DOUGIE NICOLSON, COURIER, 01/03/12, NEWS.



Pictured at St. Andrews Town Hall tonight, Thursday 1st March 2012, at the "Is Wind The Answer" meeting is Struan Stevenson - Conservative MEP for Scotland.
DOUGIE NICOLSON, COURIER, 01/03/12, NEWS. Pictured at St. Andrews Town Hall tonight, Thursday 1st March 2012, at the "Is Wind The Answer" meeting is Struan Stevenson - Conservative MEP for Scotland.

A Fife SNP councillor has accused a Conservative MEP of turning a windfarm debate at St Andrews into a ”Tory tub-thumping contest”.

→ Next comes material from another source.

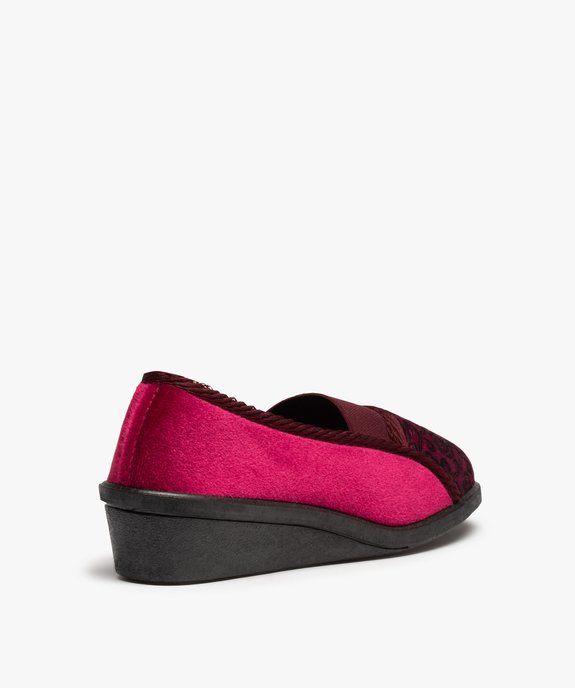 Chaussons femme confort en velours dessus élastiqué vue4 - GEMO(HOMWR FEM) - GEMO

David McDiarmid (Howe of Fife and Tay Coast) told The Courier he was so incensed at Struan Stevenson’s reference to ”fraudulent” Scottish Government policies that he engaged in ”heated dialogue” with the MEP across the floor and ”walked out of the meeting in disgust”.

But as Mr Stevenson stood by his speech, meeting chairman Graham Lang said it was ”unfair” for Mr Stevenson to single out the SNP for criticism.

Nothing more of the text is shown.